Research by UH Manoa’s Dr. Noa Lincoln suggests that much of the local food grown in people’s backyards is unaccounted for and often overlooked in official reporting about local food production. The dark number of unaccounted local food is now being captured by food hubs all over Hawaii. A recent survey of 8 food hubs by Hawaii Farmers Union United shows that they represent over 650 small and medium farms and generate 2.7 million in income annually in local food sales.
Maureen and Tane Datta launched the first food hub in Kona, Hawai’i twenty years ago. At that time, Hawaii’s hotels and chefs, such as Peter Merriman and Sam Choy, were embarking on what would later be called the Hawaii Regional Cuisine. The Datta’s Adaptations Food Hub offered these Chefs a chance to offer an alternative Hawaiian cuisine by sourcing fresh and local ingredients from multiple small farmers. By representing multiple local growers, Adaptations was able to provide steady supplies of fresh, local food to hotels and restaurants in ways that one single small farmer could not.
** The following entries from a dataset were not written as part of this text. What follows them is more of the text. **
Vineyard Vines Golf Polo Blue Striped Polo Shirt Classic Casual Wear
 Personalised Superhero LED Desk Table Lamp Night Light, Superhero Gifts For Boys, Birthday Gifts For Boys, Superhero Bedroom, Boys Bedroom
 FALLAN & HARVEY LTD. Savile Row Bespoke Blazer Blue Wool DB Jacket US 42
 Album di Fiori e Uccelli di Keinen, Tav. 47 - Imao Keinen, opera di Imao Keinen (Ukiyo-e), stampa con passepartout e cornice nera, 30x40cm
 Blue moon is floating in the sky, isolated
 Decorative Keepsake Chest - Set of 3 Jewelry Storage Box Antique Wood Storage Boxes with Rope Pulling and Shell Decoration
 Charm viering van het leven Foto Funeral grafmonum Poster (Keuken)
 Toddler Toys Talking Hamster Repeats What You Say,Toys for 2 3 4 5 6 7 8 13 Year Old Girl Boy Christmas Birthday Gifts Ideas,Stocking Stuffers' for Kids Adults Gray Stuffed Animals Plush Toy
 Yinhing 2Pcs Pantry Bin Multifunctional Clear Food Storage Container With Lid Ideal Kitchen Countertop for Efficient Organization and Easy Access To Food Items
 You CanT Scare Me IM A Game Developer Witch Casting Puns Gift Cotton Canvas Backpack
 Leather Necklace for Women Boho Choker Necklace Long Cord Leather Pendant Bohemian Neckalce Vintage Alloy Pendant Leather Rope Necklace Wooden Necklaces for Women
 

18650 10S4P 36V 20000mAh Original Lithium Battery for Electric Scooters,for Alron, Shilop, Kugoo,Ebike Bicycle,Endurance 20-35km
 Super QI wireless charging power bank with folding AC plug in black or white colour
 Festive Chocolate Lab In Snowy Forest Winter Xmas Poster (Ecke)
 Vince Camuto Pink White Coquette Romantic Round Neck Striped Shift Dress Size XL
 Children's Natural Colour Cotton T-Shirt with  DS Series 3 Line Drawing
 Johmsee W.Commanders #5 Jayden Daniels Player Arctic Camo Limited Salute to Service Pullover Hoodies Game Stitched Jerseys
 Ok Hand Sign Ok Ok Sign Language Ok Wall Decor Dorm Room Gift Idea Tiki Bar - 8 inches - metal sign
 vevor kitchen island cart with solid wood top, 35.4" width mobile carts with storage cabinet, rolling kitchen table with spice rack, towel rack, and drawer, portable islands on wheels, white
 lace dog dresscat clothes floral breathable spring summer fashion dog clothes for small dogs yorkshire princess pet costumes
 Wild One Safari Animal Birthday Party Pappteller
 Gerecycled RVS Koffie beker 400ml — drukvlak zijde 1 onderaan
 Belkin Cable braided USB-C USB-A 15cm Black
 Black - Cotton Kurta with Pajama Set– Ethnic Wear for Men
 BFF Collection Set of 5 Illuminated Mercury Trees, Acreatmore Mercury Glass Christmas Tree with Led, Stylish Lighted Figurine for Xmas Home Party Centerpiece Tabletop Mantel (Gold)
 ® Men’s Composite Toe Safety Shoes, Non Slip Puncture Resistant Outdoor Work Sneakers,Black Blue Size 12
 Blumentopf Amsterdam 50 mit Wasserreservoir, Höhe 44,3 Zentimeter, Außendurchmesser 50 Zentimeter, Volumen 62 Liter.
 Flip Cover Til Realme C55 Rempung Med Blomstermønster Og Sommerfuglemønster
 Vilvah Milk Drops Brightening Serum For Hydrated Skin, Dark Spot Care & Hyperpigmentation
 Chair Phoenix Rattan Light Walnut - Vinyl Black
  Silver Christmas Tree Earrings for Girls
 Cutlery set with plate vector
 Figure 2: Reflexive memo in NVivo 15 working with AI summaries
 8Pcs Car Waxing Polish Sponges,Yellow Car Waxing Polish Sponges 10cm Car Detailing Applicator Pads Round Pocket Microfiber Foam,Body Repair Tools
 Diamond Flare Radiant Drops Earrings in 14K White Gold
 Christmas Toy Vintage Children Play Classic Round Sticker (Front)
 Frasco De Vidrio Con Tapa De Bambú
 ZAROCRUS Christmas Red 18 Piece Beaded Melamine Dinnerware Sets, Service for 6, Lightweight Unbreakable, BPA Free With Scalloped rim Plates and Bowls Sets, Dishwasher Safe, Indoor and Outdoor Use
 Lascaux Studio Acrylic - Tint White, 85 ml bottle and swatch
Fast forward to now (2 decades later) the Department of Education, among other State institutions in Hawaii, launched ‘Aina Pono in part to serve more locally grown foods in Hawaii’s school cafeterias. ‘Aina Pono is approaching several food hubs as pilot programs to put fresh and local food on the school menu. One of the pilot programs is with the Hawaii Island Ulu Cooperative in KONA, Hawaii. Unlike the food hub at Kahumana Farms, not all food hubs focus on fruit sales. The Hawaii Ulu Cooperative promotes Ulu or breadfruit cultivation for a group of small farmers on Hawaii Island. They foresee an incredible increase in Ulu production and have secured a location in Kona to receive and process breadfruit. In 2019, the Ulu Cooperative supplied breadfruit to public schools on all Islands.
The entire island of Molokai is considered a low access zone or food desert. Sustainable Molokai food hub aggregated fruits and vegetables on behalf of 40 farmers on Molokai and provided food for 400 Molokai residents of whom approximately 25% are SNAP-EBT customers. Food hubs build their strength from having a large number of small producers and suggests that all of Hawaii’s people can become part of a growing family of producers. Together they offer powerful networks to improve our island food security, reduce relying on imported foods, and steady supplies for farm-to-state sourcing of local food. Food hubs promote a way of life that brings back Hawaii’s history of abundance and self-reliance and where all people and households can contribute to a better future together.
Support food hubs via proposed “Food Hub Pilot Program” legislation SB2722/HB1892.